According to a recent story from Quartz, the rate at which fast fashion is produced, consumed, and disposed, is officially “an environmental and social emergency.”
While that might seem hyperbolic, it’s not. As the article notes, the $2.5 trillion fashion industry is “the second-largest user of water globally,” and “producing one cotton shirt requires 2,700 liters of water — the amount a person drinks in 2.5 years.”
And despite all that goes into making them, the shelf-life of those t-shirts is shorter than ever. “Today, the average shopper buys much more clothing than they did a few decades ago, but keeps items half as long,” the story says, contributing to “a cycle of clothing made fast and cheap, worn out fast, and then discarded fast.”
Further compounding things is unavoidable population growth. A report from the United Nations Economic Commission for Europe (UNECE) estimated that by 2030 “there will be 5.4 billion people in the global middle class, up from 3 billion in 2015… [which] will lead to an increased demand for clothes and other goods that define middle-income lifestyles.”

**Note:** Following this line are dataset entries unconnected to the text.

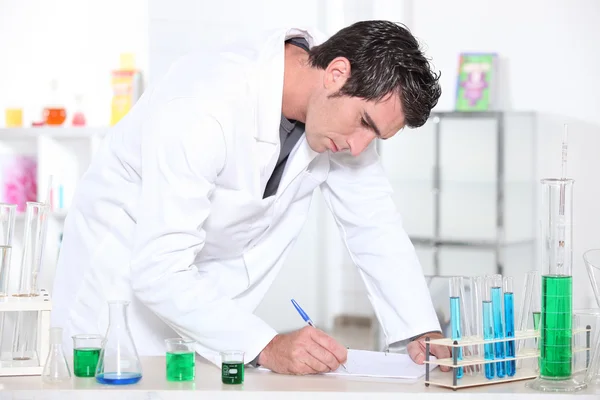 Mężczyzna stojący w laboratorium — Zdjęcie stockowe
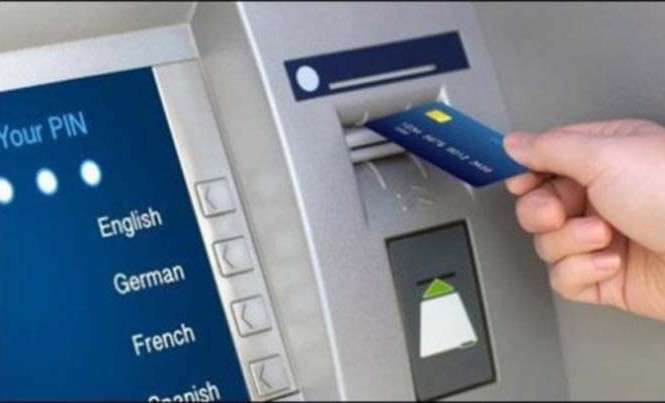 Phá đường dây tin tặc chiếm quyền điều khiển máy ATM Một máy ATM bị trộm rút tiền ở Nhật Bản.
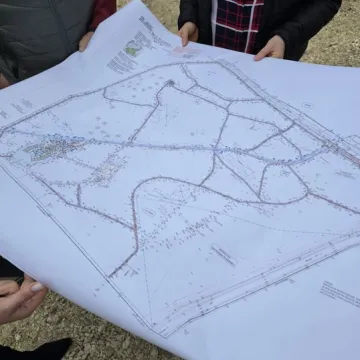 Postęp prac przy budowie tężni solankowych i ścieżek na Wrzoskach w Kamieńsku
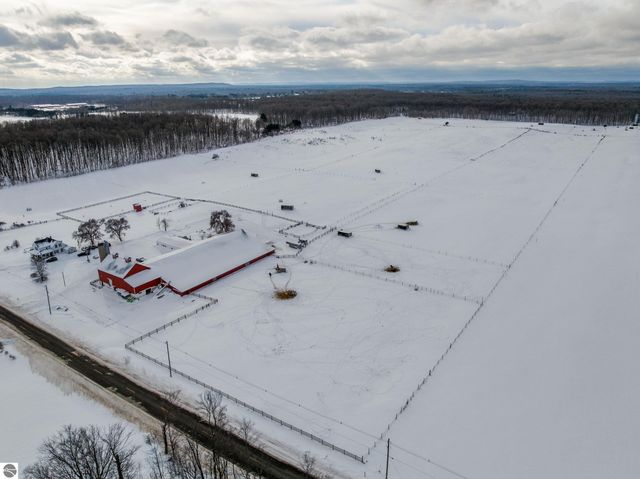 2526 Lake Ann Road, Interlochen, MI 49643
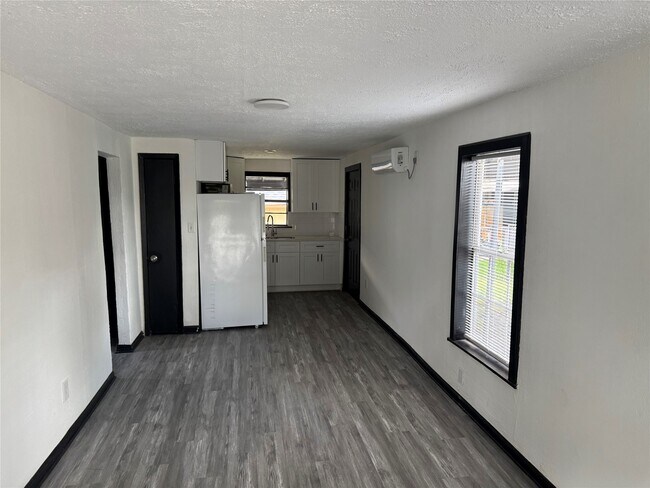 Building Photo - 1506 Luzon St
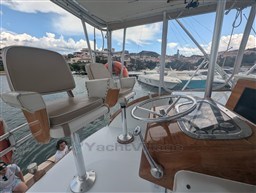 Davis 47 helm station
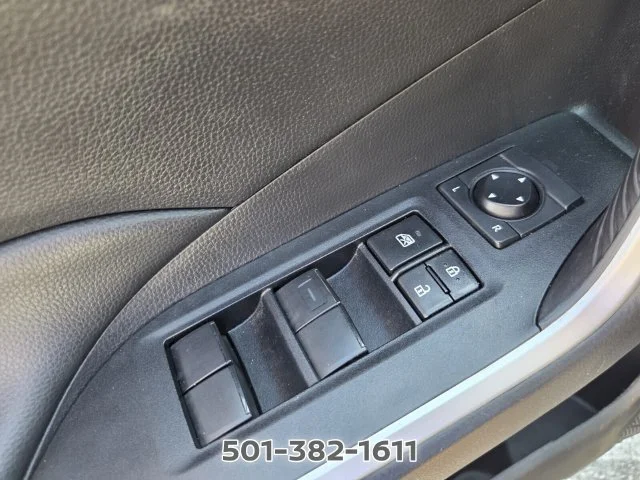 Used 2023 Silver Toyota LE image 22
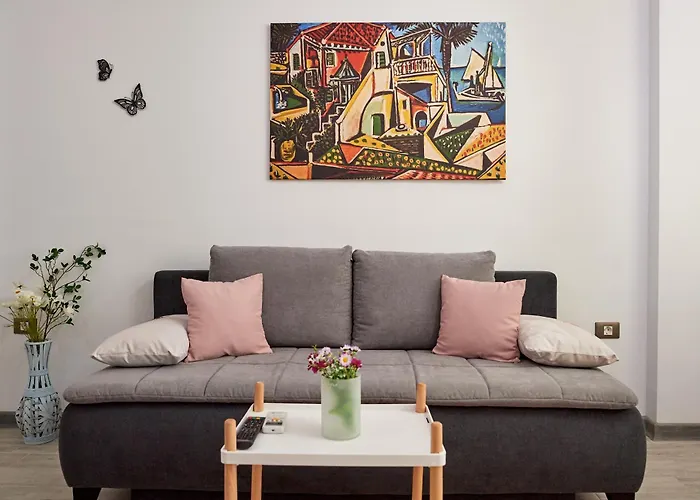 Crystal Breeze - Pool & アパート *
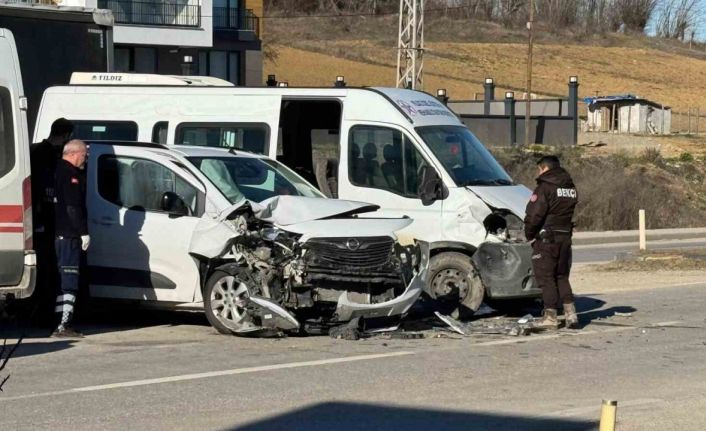 Kastamonu’da minibüs ile hafif ticari araç çarpıştı: 4 yaralı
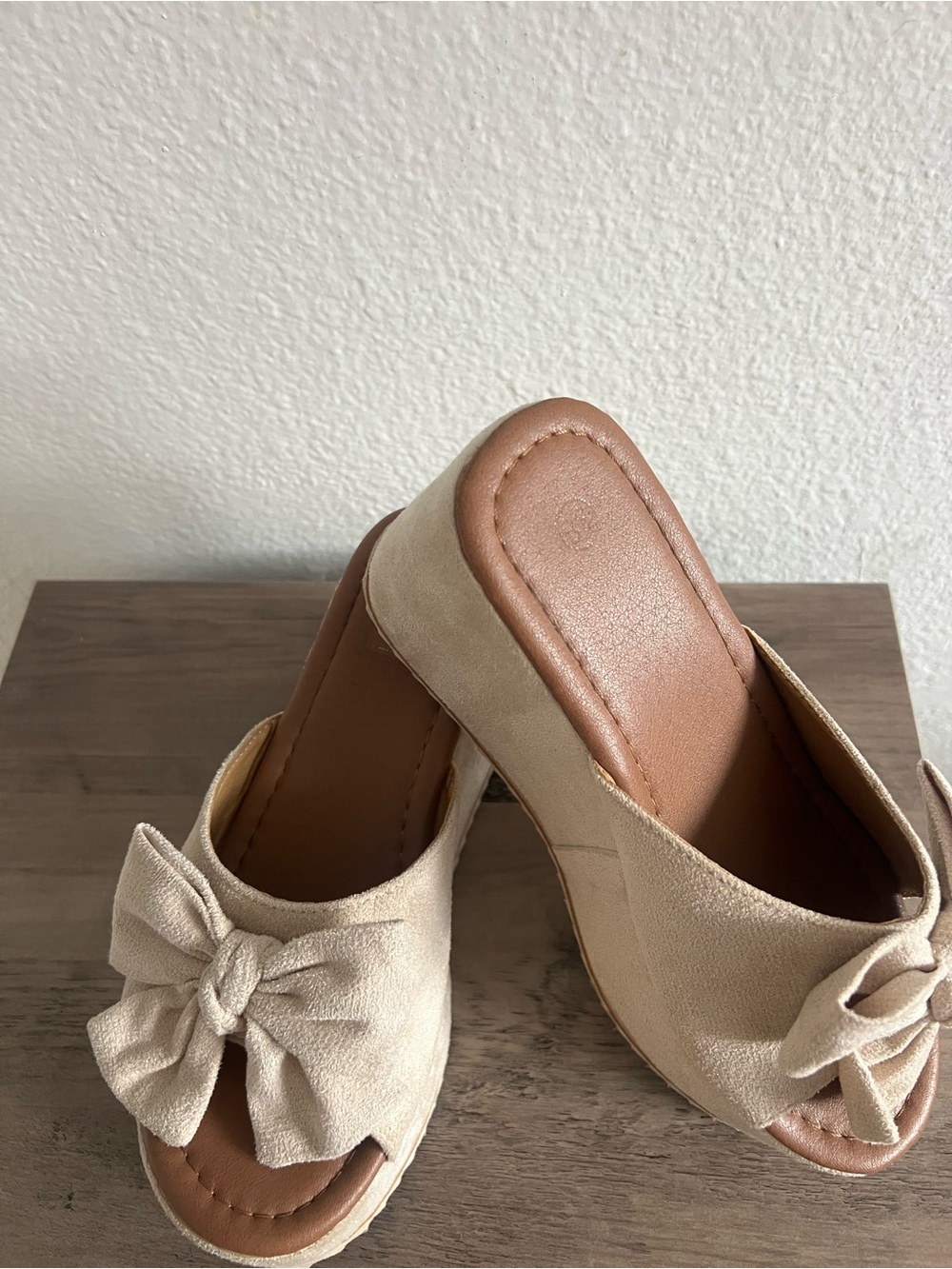 Beige Bow Platform Slide Sandals - Picture 3 of 5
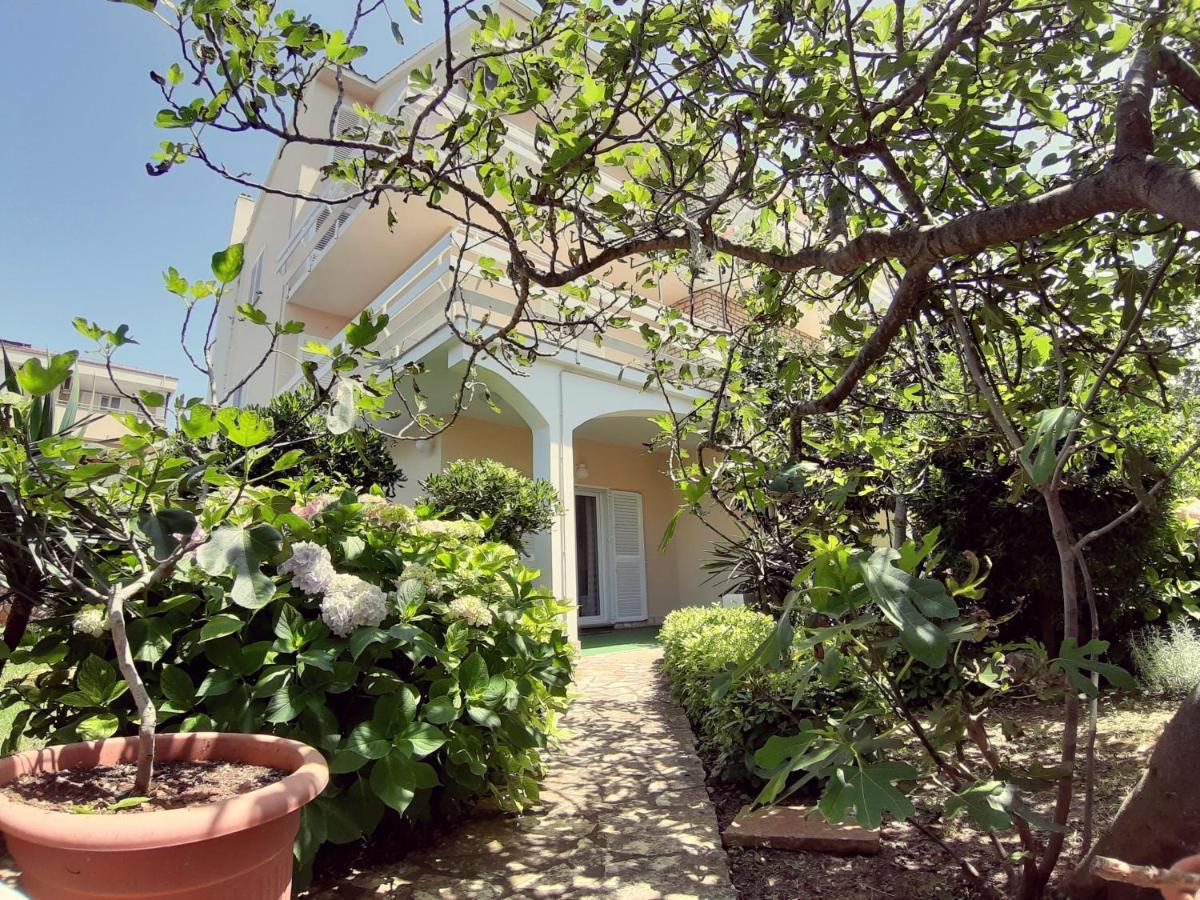 F• R• I• E• N• D• S• Bed and Breakfast Novalja Εξωτερικό φωτογραφία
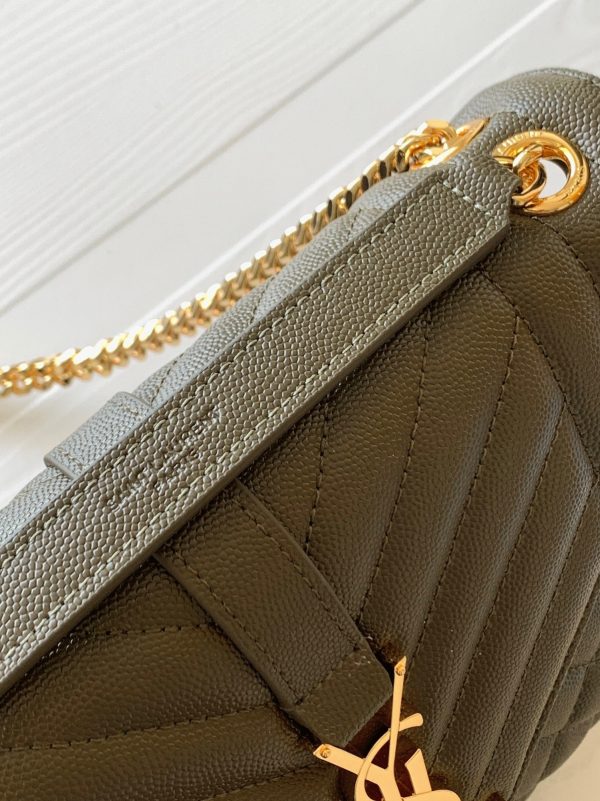 Fausse Sacoche Saint Laurent Envelope Medium en Kaki – Image 7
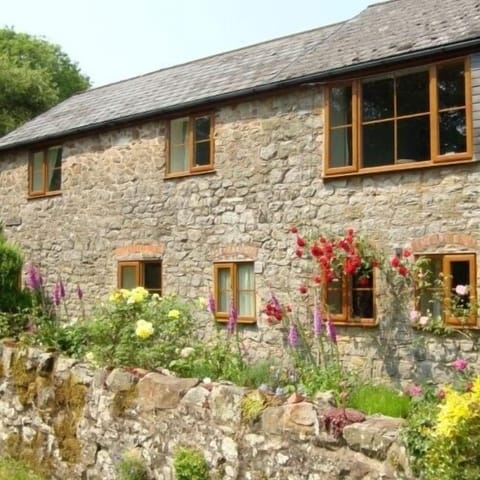 2 Bedroom country cottage in Church Stretton Hills, great walking from the door.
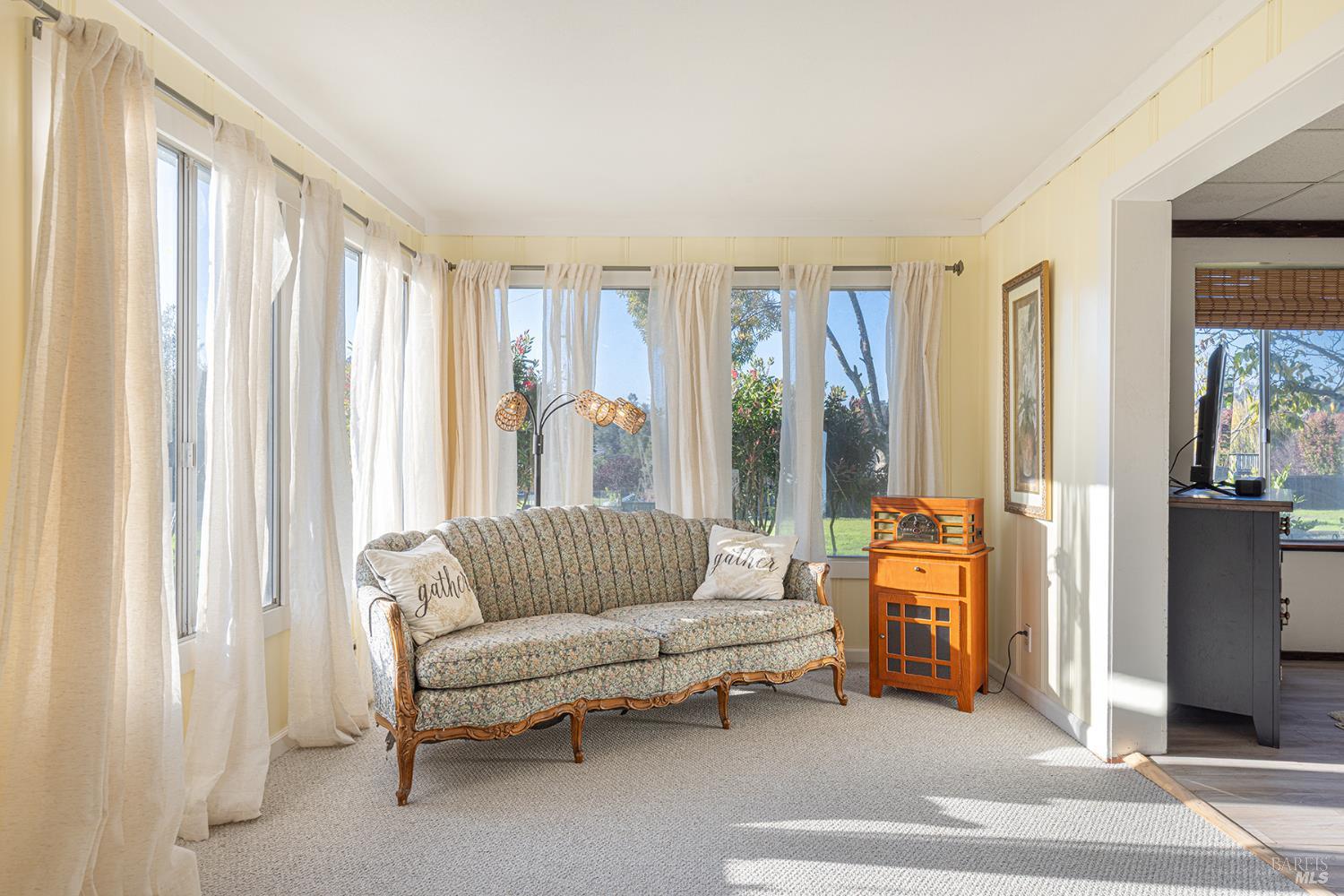 Detail Gallery Image 9 of 47 For 710 Old Adobe Rd, Petaluma,  CA 94954 - 3 Beds | 1/1 Baths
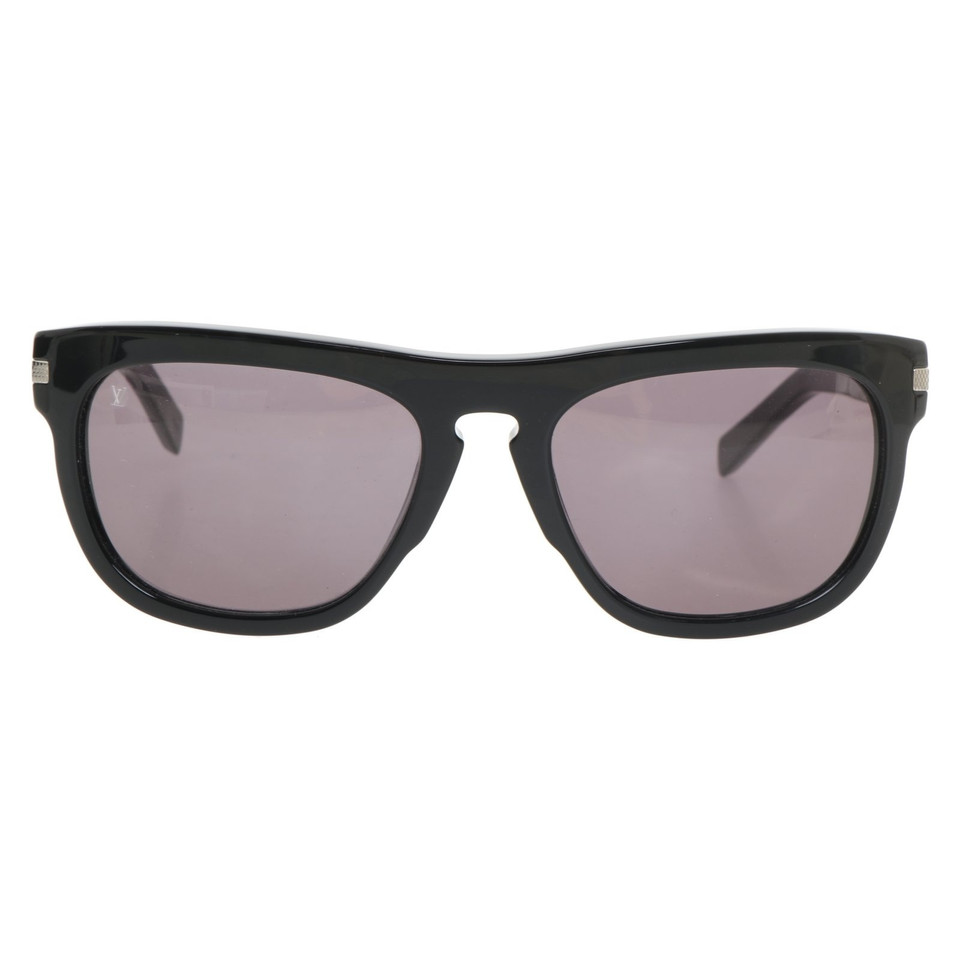 Louis Vuitton Sunglasses in black
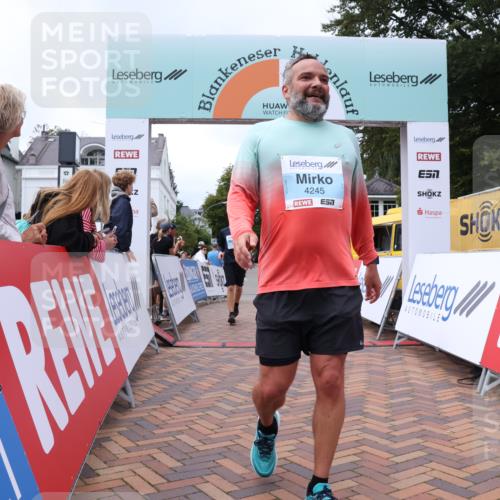 30.08.2026 - Blankeneser Heldenlauf Lena Gebhardt http://msf.ph/oto/10065145 30.08.2026 12:49:44 Ziel 2093, 4245, 4311 meine-sportfotos.de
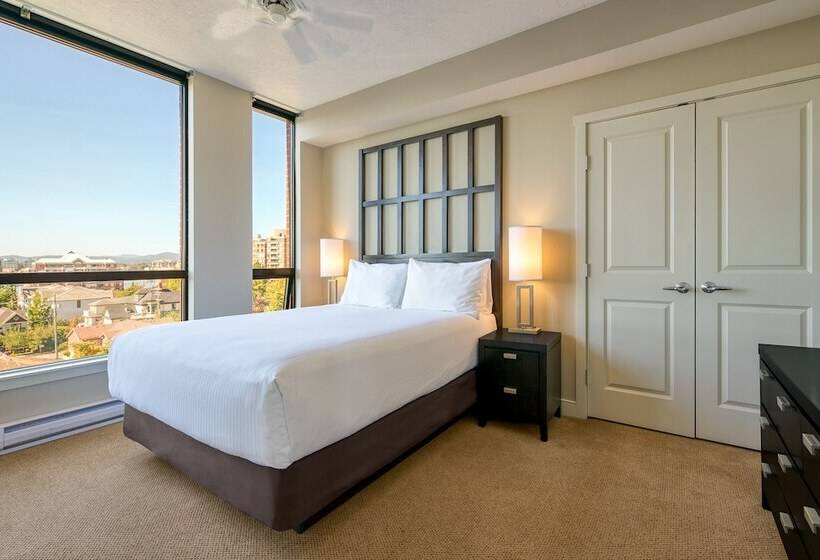 スイート, Oswego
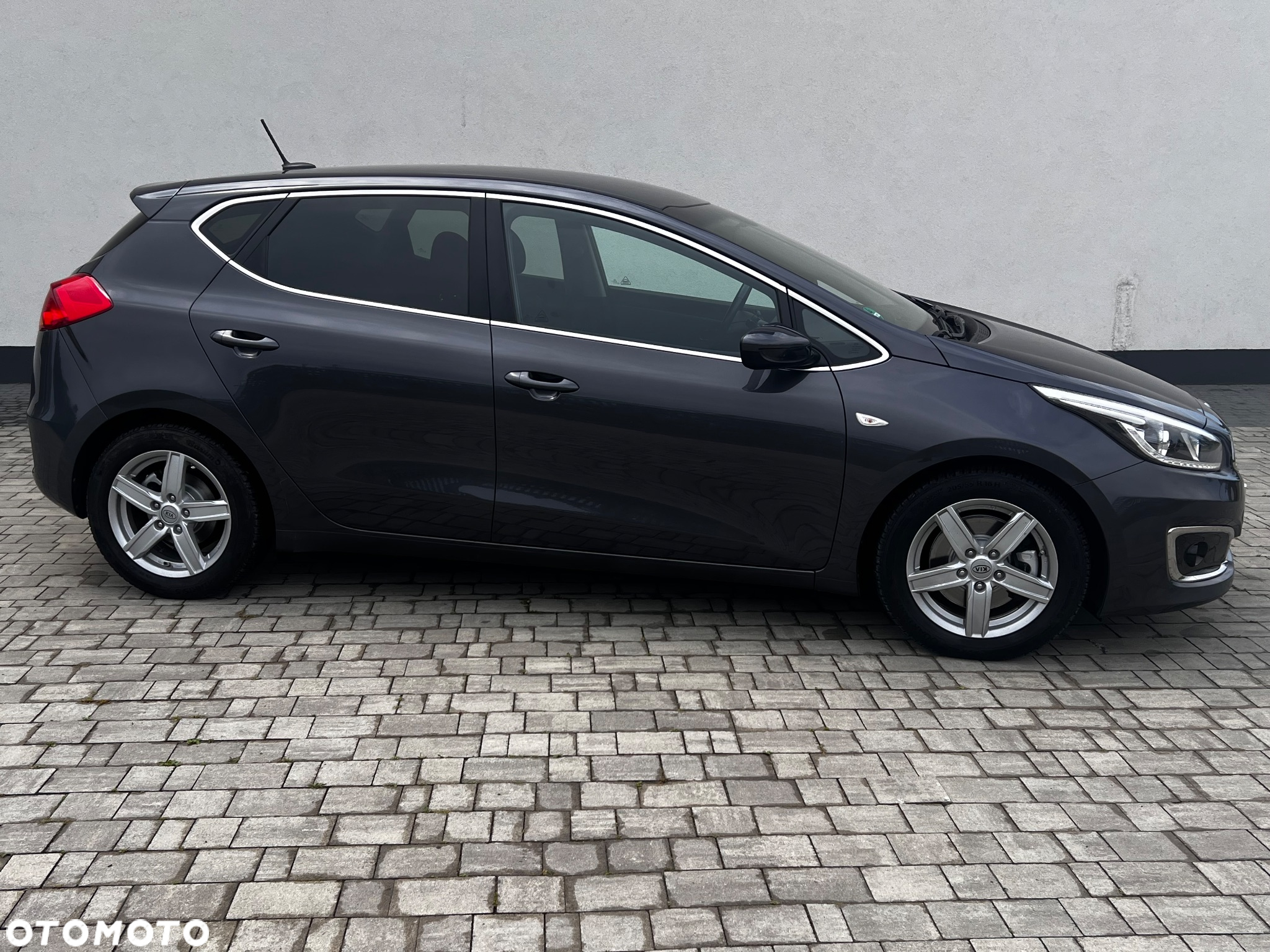 Kia Ceed 1.6 GDI Dream-Team Edition - 3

And if we’re still consuming clothing at the current pace, “there will be three times as many natural resources needed by 2050 compared to what was used in 2000.” (Basically, all the world’s water could be tied up in shirt production.)
But because fast fashion is an equal-opportunity environment vandal, the impact won’t just be limited to resource-squandering. “In a report released in February, ClimateWorks Foundation and Quantis… calculated that the apparel and footwear industries together account for 8% of the world’s greenhouse gas emissions, and unless something changes fast, apparel’s climate impact will increase 49% by 2030.”
An asteroid killed the dinosaurs, we could be undone by t-shirts.